Non distanti da loro ma con tre vocalist North Sea Star Orchestra, progetto ambizioso della Thrill Jockey, dal potenziale evidente ma che deve ancora crescere, destinato a musei e auditorium piuttosto che a una tenda nel mezzo di un parte.

Dalla East Coast statunitense sono arrivati alla spicciolata - come abitudine del festival l’organizzazione spartana e informale, impera - Dead Meadow, un trio stoner di cui si sa poco e i cui tre album realizzati fino ad oggi (realizzato nel primo quinquennio del 2000) sono fra le maggiori rarità della nuova musica nu psycho folk statunitense). Il trio ha spinto pesantemente sul volume e su una miscela di suoni acidi e apocalittici. Elettricità allo stato puro che ha lasciato il segno.

Non meno psichedelici e meritevoli di una menzione particolari Six Organs of Admittance, progetto solista del californiano Ben Chasny, già membro di Comets On Fire e Howling Rain. Il geniale chitarrista sperimentatore, seguace di John Fahey, si è presentato sul palco accompagnato dalla ventenne Elisa Ambrogio, già chitarrista di The Magic Markers, una ragazzina che dietro l’aria strampalato ha mostrato una violenza e una voracità inattesa, avventandosi sulla sua Fender Mustang mentre Chasny ricamava con un vecchio Telecaster trame post folk e raga rock dalle venature blues. Una festa distorta in stile fuzz garage ha terminato quello che a detta di molti è stato il più bel set visto alla tenda hokey dokey, e, peraltro, fra i più attesi.
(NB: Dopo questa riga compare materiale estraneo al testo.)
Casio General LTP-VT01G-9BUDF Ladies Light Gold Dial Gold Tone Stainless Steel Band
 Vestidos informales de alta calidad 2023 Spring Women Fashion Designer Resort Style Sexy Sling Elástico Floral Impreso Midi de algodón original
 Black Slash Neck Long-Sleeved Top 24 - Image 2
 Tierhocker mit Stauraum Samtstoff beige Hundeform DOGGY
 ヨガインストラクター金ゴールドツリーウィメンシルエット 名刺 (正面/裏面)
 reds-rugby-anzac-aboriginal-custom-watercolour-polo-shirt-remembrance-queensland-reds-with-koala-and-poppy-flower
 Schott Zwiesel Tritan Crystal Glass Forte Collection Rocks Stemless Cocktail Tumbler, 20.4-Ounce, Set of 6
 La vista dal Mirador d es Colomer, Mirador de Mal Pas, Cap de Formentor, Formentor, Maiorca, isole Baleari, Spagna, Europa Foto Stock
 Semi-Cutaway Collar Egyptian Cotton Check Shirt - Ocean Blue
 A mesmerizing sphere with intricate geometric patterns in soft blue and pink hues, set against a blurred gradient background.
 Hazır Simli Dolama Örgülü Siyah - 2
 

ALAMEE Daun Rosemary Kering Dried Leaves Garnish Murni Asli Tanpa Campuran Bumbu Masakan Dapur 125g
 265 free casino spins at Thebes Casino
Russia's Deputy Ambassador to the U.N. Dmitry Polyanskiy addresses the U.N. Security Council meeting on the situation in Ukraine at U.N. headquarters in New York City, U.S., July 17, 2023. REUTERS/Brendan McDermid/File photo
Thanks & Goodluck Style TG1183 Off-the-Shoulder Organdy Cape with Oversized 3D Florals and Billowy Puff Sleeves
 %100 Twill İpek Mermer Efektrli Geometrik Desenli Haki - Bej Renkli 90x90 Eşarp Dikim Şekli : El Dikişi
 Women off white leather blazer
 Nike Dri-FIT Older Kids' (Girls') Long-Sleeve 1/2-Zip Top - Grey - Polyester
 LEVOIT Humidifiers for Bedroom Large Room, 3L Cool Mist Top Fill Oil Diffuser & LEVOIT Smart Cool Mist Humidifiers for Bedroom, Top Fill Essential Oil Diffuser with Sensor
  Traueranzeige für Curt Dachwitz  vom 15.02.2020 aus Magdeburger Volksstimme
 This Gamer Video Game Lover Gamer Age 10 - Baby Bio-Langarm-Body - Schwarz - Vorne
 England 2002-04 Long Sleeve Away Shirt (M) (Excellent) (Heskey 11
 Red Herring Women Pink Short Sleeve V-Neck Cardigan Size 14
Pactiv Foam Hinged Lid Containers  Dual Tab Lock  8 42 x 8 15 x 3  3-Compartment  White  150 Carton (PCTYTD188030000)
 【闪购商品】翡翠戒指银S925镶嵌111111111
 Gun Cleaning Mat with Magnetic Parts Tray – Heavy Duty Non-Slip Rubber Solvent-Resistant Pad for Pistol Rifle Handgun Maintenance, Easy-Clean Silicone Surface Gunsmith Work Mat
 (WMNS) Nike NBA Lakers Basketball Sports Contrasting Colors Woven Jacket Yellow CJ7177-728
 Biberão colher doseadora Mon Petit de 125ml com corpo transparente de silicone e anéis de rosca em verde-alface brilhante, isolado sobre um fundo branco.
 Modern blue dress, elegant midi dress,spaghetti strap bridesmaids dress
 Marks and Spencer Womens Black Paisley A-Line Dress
Grandissimi John Renbourn, a suo agio con il pubblico e con un set di vecchi blues di Reverend Gary Davies e Joseph Spence e qualche sperimentazione ardita che è passata attraverso una strana versione del classico di Davey Graham, “Angie”. renbourn, implicitamente, ha fatto capire a quanti ancora non lo avessero compreso che le basi di questo bel festival sono nella tradizione, nella semplicità, nella sperimentazione ma soprattutto nella voglia di stare insieme condividendo non la solita musica.